# [Activity]
Check every line of the data for the word "City", and copy those that have it.

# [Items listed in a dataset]
Segment Open

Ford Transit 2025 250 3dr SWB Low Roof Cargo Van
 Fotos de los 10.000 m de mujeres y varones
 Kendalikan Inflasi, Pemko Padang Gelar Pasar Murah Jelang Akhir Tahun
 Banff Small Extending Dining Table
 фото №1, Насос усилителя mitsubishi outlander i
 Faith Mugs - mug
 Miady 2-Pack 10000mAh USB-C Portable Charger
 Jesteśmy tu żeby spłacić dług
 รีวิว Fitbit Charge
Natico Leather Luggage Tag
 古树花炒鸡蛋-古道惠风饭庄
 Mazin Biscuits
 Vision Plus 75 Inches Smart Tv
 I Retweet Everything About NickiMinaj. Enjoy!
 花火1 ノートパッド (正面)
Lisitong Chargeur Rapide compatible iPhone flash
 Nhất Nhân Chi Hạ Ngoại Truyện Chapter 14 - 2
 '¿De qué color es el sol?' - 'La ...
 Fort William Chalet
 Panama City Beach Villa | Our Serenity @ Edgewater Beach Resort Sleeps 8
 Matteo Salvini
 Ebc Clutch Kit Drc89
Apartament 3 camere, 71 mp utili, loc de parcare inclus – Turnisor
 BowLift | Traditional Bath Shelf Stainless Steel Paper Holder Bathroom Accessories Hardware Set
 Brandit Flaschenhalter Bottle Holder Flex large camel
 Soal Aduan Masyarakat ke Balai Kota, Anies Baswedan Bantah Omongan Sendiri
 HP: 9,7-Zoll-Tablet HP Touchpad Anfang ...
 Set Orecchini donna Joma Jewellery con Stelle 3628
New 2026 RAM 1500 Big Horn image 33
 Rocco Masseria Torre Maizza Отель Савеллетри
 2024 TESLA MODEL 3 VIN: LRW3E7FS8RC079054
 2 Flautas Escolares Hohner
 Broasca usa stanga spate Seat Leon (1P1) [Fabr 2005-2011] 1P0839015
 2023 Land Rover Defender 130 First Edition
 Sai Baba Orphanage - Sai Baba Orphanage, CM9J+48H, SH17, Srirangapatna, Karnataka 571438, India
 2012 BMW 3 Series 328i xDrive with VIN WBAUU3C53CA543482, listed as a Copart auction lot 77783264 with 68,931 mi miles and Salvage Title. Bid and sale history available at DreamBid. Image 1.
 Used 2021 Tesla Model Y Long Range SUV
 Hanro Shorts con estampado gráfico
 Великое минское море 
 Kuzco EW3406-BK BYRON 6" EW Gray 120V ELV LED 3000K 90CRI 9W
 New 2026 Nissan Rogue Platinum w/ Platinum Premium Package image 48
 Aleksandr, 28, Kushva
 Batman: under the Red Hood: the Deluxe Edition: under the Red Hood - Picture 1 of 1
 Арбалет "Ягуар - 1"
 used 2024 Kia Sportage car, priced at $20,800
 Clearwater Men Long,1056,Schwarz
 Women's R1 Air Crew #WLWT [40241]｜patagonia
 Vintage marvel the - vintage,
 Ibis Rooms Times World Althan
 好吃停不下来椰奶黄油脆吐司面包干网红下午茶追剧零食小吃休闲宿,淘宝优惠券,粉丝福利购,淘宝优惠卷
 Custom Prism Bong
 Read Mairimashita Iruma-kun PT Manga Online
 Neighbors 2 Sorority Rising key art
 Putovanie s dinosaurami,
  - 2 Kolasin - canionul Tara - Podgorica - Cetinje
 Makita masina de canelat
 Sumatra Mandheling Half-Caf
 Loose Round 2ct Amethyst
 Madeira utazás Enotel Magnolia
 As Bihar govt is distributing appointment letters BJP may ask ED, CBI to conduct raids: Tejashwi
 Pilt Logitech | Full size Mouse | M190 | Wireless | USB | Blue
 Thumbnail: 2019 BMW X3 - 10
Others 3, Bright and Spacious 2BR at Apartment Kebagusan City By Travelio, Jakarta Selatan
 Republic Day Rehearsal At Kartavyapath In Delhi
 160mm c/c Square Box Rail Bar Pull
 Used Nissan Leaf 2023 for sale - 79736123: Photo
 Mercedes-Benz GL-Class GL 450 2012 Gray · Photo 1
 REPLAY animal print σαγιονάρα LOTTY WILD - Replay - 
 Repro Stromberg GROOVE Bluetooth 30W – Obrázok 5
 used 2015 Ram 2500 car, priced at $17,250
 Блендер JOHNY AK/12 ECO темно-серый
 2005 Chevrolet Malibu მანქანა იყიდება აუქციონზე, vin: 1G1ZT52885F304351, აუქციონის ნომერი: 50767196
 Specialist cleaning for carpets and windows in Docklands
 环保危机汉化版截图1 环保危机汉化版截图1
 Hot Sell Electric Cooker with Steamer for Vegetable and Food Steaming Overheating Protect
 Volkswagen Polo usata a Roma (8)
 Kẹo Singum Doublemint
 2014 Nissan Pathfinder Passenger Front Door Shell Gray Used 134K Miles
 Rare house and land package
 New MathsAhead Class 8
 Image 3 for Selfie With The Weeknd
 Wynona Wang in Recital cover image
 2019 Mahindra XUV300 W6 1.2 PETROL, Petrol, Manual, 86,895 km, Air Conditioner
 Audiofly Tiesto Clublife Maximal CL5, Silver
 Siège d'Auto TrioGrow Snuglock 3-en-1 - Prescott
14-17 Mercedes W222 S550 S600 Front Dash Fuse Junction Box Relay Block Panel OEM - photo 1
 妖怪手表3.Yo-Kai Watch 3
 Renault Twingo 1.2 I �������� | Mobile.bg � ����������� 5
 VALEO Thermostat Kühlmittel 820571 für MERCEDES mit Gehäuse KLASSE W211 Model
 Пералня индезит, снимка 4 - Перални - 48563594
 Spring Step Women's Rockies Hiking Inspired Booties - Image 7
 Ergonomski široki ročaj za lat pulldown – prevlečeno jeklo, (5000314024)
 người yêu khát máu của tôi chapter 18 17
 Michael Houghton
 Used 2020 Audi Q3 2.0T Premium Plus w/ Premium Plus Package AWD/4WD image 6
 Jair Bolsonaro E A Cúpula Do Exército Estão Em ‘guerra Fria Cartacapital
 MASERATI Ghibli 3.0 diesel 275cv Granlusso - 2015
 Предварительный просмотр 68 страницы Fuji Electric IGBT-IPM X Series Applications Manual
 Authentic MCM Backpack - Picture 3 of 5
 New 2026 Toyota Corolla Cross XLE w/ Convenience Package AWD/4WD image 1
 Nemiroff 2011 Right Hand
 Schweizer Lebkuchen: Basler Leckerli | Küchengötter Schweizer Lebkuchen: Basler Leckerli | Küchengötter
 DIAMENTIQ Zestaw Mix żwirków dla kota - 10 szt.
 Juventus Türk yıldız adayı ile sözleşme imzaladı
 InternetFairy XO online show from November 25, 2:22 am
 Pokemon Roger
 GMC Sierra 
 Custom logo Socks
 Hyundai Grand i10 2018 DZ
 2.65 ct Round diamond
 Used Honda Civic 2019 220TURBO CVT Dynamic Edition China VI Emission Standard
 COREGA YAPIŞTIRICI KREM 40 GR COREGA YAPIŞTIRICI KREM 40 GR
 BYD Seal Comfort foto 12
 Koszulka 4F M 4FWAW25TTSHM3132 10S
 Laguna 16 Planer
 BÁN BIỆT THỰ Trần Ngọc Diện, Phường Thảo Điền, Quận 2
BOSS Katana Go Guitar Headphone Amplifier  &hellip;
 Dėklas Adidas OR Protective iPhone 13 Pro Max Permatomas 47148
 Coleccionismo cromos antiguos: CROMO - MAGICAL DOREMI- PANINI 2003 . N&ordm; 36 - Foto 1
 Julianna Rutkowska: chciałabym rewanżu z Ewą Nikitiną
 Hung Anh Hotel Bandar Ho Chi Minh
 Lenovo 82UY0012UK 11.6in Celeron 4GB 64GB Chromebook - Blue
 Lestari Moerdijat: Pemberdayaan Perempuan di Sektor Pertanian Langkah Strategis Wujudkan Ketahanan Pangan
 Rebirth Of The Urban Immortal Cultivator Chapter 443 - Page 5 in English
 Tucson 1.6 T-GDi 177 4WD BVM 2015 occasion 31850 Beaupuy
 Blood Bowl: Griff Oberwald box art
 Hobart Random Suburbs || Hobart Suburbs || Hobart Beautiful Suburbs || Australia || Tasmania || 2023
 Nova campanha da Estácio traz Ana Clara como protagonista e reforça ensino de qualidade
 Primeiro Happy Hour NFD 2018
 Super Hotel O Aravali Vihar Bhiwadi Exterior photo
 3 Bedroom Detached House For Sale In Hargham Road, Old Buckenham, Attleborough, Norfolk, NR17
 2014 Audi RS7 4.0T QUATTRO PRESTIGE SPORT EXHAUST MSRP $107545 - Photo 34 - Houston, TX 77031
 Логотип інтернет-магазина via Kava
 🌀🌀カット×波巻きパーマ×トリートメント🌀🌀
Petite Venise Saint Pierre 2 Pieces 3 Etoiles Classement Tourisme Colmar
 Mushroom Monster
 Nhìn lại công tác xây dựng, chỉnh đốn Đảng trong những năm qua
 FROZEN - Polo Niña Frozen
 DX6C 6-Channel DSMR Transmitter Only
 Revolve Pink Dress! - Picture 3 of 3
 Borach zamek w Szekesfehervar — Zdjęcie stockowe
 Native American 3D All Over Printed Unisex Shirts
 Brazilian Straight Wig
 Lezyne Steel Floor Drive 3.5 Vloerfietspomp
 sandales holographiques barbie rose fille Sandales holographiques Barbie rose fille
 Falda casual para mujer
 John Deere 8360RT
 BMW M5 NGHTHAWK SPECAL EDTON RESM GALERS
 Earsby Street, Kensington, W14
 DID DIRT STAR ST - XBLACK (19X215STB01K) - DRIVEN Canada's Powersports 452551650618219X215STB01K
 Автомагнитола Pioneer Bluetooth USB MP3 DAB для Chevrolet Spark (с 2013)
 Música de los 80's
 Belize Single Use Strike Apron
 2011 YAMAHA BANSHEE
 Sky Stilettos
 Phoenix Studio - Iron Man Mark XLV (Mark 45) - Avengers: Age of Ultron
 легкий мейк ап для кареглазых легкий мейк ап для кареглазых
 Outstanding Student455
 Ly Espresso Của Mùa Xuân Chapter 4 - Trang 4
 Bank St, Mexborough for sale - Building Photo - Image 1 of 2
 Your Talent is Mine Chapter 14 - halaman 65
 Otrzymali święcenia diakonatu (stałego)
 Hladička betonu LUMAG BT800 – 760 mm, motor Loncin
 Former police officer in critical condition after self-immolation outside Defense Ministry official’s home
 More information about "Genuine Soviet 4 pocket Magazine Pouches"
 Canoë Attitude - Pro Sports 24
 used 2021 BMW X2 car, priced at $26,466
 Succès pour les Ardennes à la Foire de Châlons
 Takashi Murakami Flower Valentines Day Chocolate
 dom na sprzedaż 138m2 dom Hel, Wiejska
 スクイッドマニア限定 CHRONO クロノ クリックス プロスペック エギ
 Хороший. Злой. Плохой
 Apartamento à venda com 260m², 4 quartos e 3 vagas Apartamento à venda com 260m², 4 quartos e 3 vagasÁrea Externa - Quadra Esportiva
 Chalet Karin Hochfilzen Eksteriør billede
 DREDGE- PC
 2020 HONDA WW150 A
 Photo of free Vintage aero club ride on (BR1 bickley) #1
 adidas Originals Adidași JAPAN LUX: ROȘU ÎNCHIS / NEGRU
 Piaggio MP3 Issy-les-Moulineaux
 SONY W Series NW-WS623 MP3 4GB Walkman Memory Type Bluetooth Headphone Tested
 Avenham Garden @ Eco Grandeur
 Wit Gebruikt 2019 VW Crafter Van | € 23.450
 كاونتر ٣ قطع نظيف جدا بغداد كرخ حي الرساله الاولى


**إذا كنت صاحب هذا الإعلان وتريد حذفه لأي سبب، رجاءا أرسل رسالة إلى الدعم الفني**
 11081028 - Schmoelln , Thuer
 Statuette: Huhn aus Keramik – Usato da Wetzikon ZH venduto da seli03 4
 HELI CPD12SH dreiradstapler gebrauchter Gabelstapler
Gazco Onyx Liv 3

Segment Closed

# [Reply to the task]
 Panama City Beach Villa | Our Serenity @ Edgewater Beach Resort Sleeps 8
Others 3, Bright and Spacious 2BR at Apartment Kebagusan City By Travelio, Jakarta Selatan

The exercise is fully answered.